What the task asks -
Skip the pictures, and retype the data below in full, exactly.

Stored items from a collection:
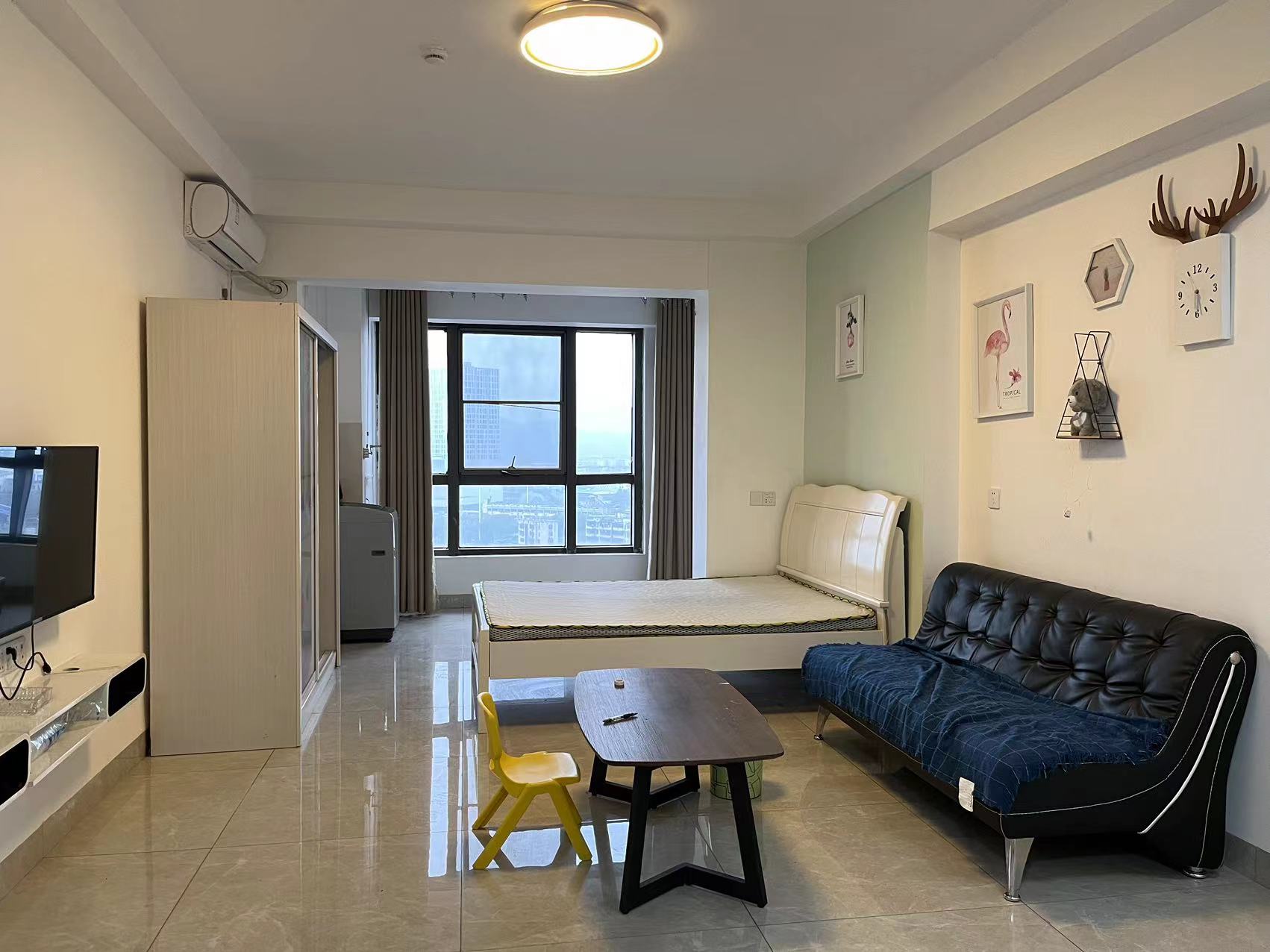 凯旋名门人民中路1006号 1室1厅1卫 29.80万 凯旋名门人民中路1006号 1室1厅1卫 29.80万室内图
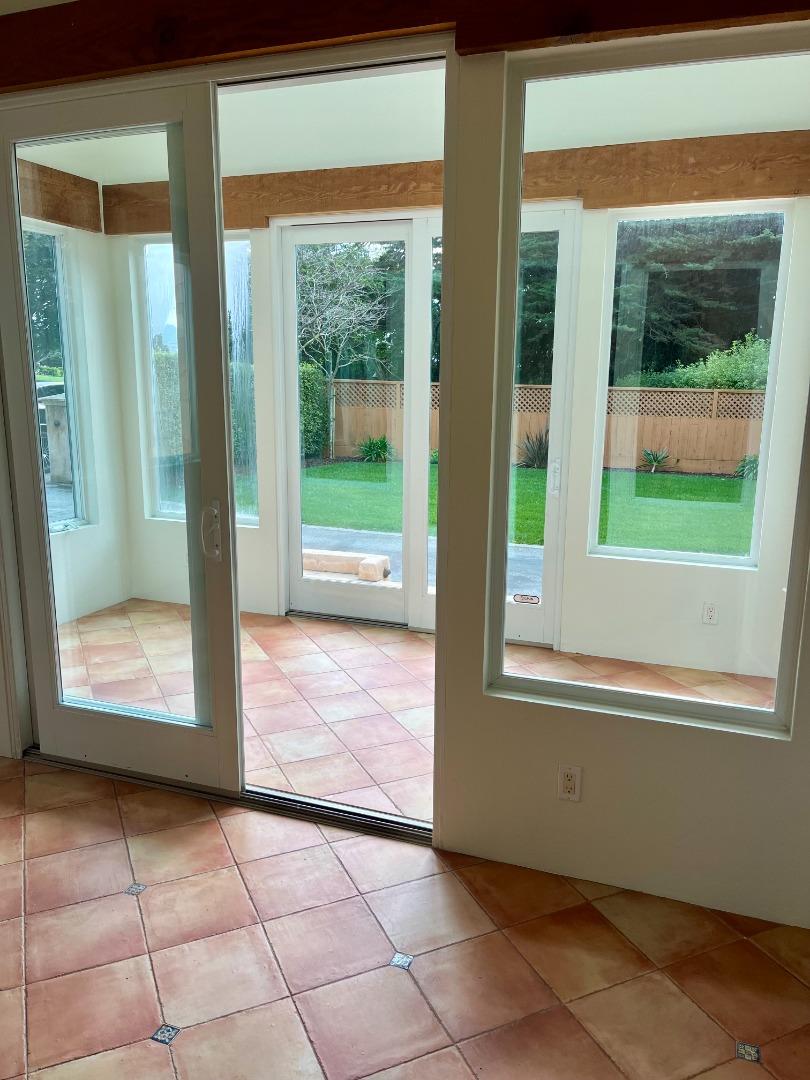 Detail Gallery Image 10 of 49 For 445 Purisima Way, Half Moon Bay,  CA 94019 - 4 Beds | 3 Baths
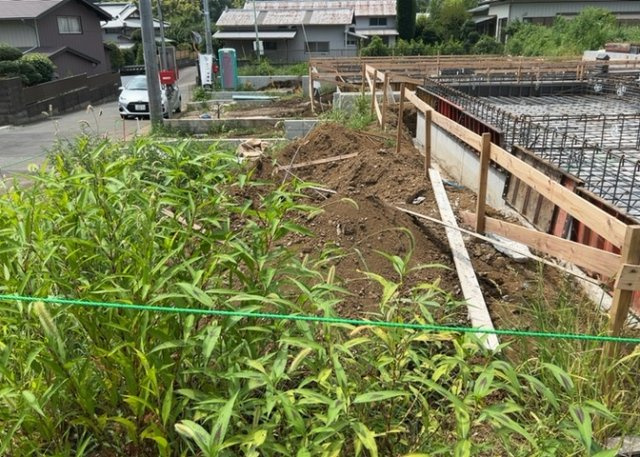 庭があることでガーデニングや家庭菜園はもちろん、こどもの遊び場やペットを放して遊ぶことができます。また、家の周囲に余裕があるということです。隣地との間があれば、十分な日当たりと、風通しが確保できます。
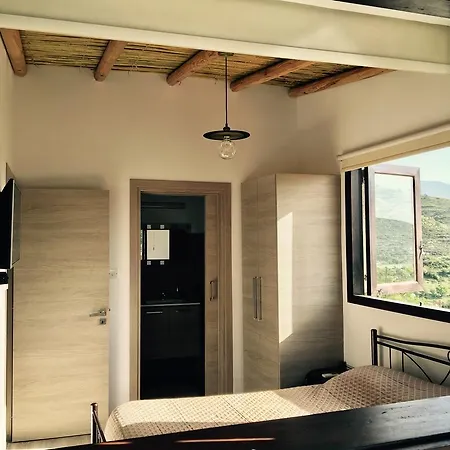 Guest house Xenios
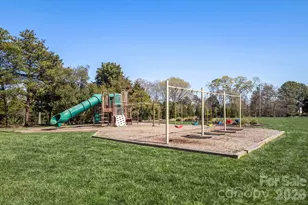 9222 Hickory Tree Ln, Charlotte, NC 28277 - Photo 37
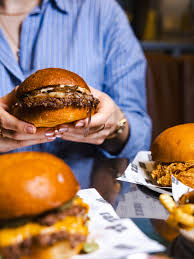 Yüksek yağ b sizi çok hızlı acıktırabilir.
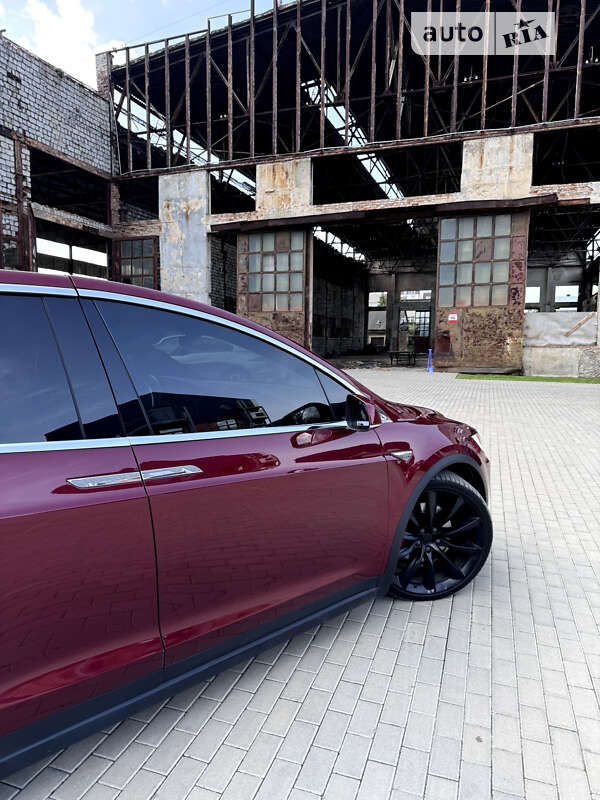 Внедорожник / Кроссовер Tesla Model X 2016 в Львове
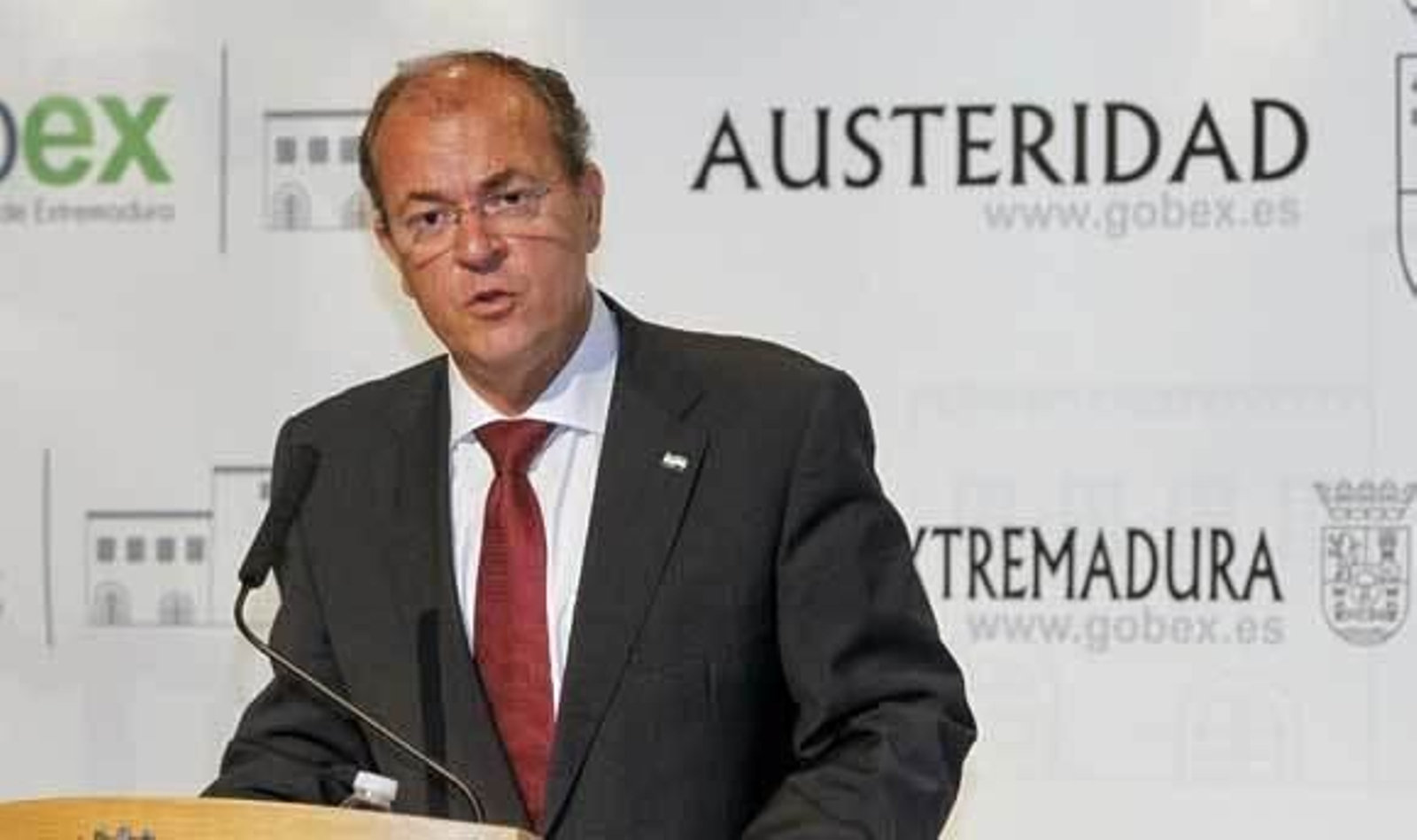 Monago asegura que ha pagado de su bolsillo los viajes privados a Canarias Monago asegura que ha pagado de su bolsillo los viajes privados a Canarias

Response to this task -
 凯旋名门人民中路1006号 1室1厅1卫 29.80万 凯旋名门人民中路1006号 1室1厅1卫 29.80万室内图
 Detail Gallery Image 10 of 49 For 445 Purisima Way, Half Moon Bay,  CA 94019 - 4 Beds | 3 Baths
 庭があることでガーデニングや家庭菜園はもちろん、こどもの遊び場やペットを放して遊ぶことができます。また、家の周囲に余裕があるということです。隣地との間があれば、十分な日当たりと、風通しが確保できます。
 Guest house Xenios
 9222 Hickory Tree Ln, Charlotte, NC 28277 - Photo 37
 Yüksek yağ b sizi çok hızlı acıktırabilir.
 Внедорожник / Кроссовер Tesla Model X 2016 в Львове
 Monago asegura que ha pagado de su bolsillo los viajes privados a Canarias Monago asegura que ha pagado de su bolsillo los viajes privados a Canarias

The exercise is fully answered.